Not for a lack of trying, which is exactly the point. The fighter who does the ducking is the one whose legacy suffers.
If you examine the "name fighters" on Dempsey's resume as he rose the ranks you see that all but Fulton were on losing streaks. After the John Lester Johnson fight, and the change in management, his opponents were very carefully picked… which is management's job. Still, it doesn't flatter him when this list of opponents is examined. It can be argued quite convincingly that best live body he fought before Tunney was Fulton.
Harry Wills. His 1914 victory over Sam Langford alone trumps any of Dempseys wins. Dempsey turned down a fight with Sam in 1917.
Greb. It's silly to dismiss him because he was beaten past-prime by Tunney after chasing Dempsey for eight years. Greb utterly thrashed Gibbons in a title eliminator. Dempsey fights Gibbons. Greb beats Miske. Dempsey fights Miske. Greb utterly thrashes Brennan...four times. Greb wants Dempsey. Dempsey fights Brennan. Greb utterly thrashes Battling Levinsky. Greb wants Dempsey. Dempsey fights Levinsky. But because Dempsey "beat the Tunney that beat Greb" it somehow doesn't matter that he ducked two, not one, but two men for his entire reign and they happen to be the men that it was PROVEN would have given him the toughest time. It's an embarrassment. That, above, is a total embarrassment.
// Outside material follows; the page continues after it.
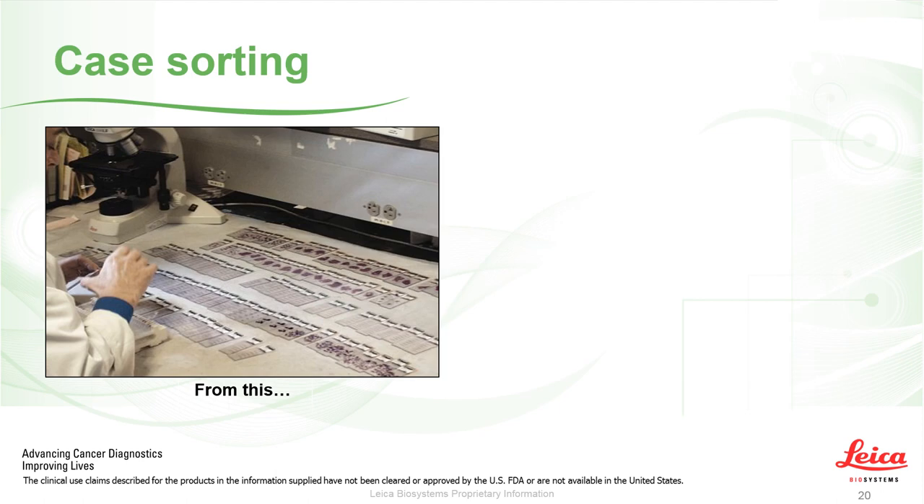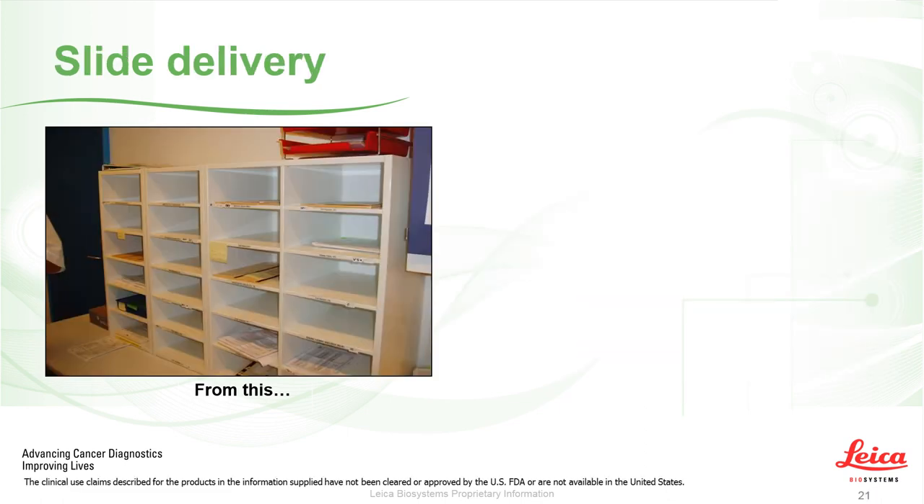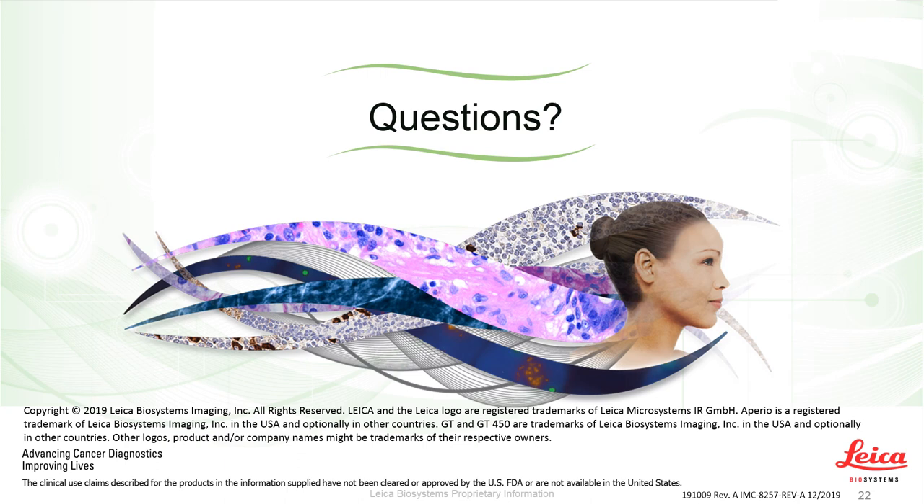If all of these things are thought through well, it can mean that case sorting moves from a manual process to fully automated — based on barcodes, with cases aggregated together and visible on screen for reviewers. Similarly, slide delivery can move from physically putting flats into pigeonholes to instant availability of slides directly to the person who needs them, when they need them. I hope that has been a helpful insight into some of the pitfalls and things to consider when implementing digital pathology. Thank you very much.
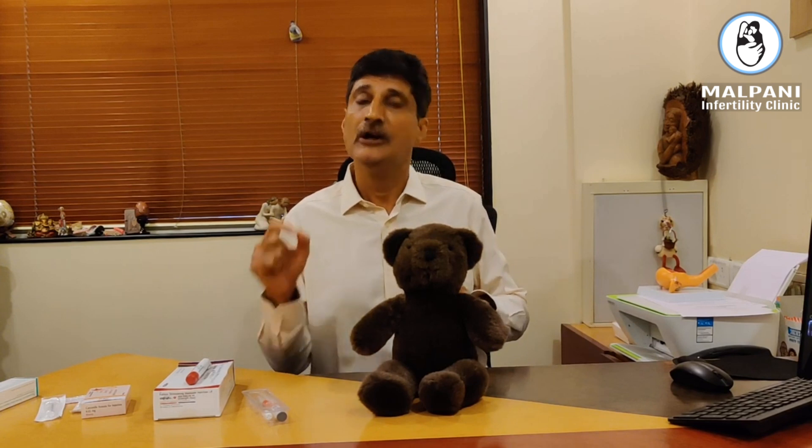The standard dose for super ovulation will depend on many things, such as your antral follicle count and your AMH level. There is no such thing as a standard dose, and that's why you need to go to a good IVF specialist who will decide which dose is right for you based on their experience, expertise, and your ovarian response, which is monitored during the IVF cycle.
Imagine Muhammad Ali ducked his #1 contender for his entire reign and then repeatedly fought the wash-ups of his #2 contender??? The rope that Dempsey gets on this forum is absolutely incredible.
You could go further and say that the only one whose legacy suffered was the prospective winner. It's interesting for me. I have Wills and Dempsey both outside the top ten but inside the top fifteen. For me, if one or the other had sorted that out - say Dempsey SD15 Dempsey KO9 - would he become a legacy #3, all other things being equal? Also, I would suggest that boxing's failure to deliver that fight was equalled only very recently by the failure to materialise Pacquiao-Mayweather, and that before it, only Sullivan-Jackson comes close in gloved history.
Out of curiosity, were there ever discussions for a Greb-Wills fight? Seems weird at first glance that two guys with a storied history of fighting everyone (and winning most of the time) would be chasing after the same fighter for years without their own paths crossing, even taking the size disparity into account.
Tunney tried to get Wills to fight but Wills declined probably correct in siting that he had been ducked for the #1 prize for so long, why would he settle for #2 As for Greb, I don't recall reading such a thing. Kompton would know best.
I don't think either guy was on the others radar. Greb has nothing to gain by fighting a guy who is 8 or 9 inches taller and 50 pounds heavier and Wills has everything to lose by looking foolish against a middleweight. But that's the advantage of being a contender and not champion is that you can't argue who's ducking who. It's why the Pac-Mayweather debate was so polarizing.
I think Rickards plan was just to keep matching Wills against the top white contenders, until one of them inevitably beat him. Wills was no fool, and he saw through this.